Council of Nicaea (787 AD) This council was called by the Empress Irene, which ordered the restoration of images in the church, but declared that they should only be venerated, not worshipped. [Look up the definitions in the English dictionary for venerate, veneration, and worship. Is there any difference? There is a possibly that just a little bit more difference exists between George I and George II than those words!]
These four councils established doctrines by majority vote that violates the first four commandments that Jesus Christ summed up into one when asked the trick question: Which is the great commandment in the law? (Matt. 22:33-40) The lust for power, authority, and the murder that ensued while enforcing the council’s dictates violates all of God’s Ten Commandments, not just the first four. The history of the eastern and western orthodox churches, the ecclesiastical councils, and some of the philosophical theology in support of the doctrines and traditions approved can be found in most any Encyclopedia.
Constantine the Great became sole ruler of the entire Roman Empire in 324 AD after Licinius, ruler over the eastern division, was murdered.

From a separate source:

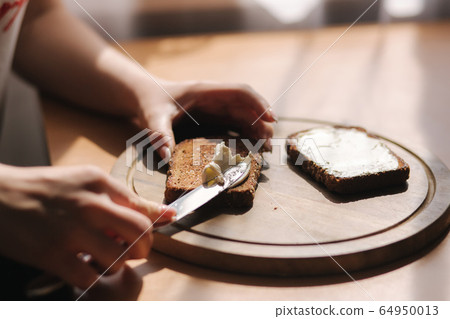 Close up of female butter the rye toasted bread by vegan butter. Woman butter toast at home on wooden board 64950013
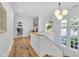 Bright hallway with natural light, wood floors, and stylish decor at 3215 N Pennsylvania St, Indianapolis, IN 46205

His father, Constantius I, had ruled jointly with Galerius and Maximianus, and was killed in battle in 306. Afterwards, the army proclaimed Constantine as Caesar, and Galerius was then forced to recognize the title. Constantine’s position was further strengthened by his marriage to Fausta, who was the daughter of Maximianus. In 310, Maximianus tried to oust the young emperor and was murdered.
Maxentius, son of Maximianus, sought revenge and was killed in battle in 312 AD. It was just prior to that battle that Constantine was supposed to have seen in the sky a flaming cross bearing the legend “in hoc signo vinces” or “in this sign conquer”. [Can anyone believe that this was a sign from God? Does it remind you of anything else sinister?] The legend purportedly led to Constantine’s Christianity. He is considered one of the ablest rulers of the Roman Empire, although his reign was beset by much political and religious intrigue. His many reprehensible murders included his wife, Fausta, and his own son, Crispus. He did protect the empire’s new religion, which was the officially recognized form of Christianity by empowering the Catholic Church, but he did not officially become a Christian until his deathbed conversion in 337 AD.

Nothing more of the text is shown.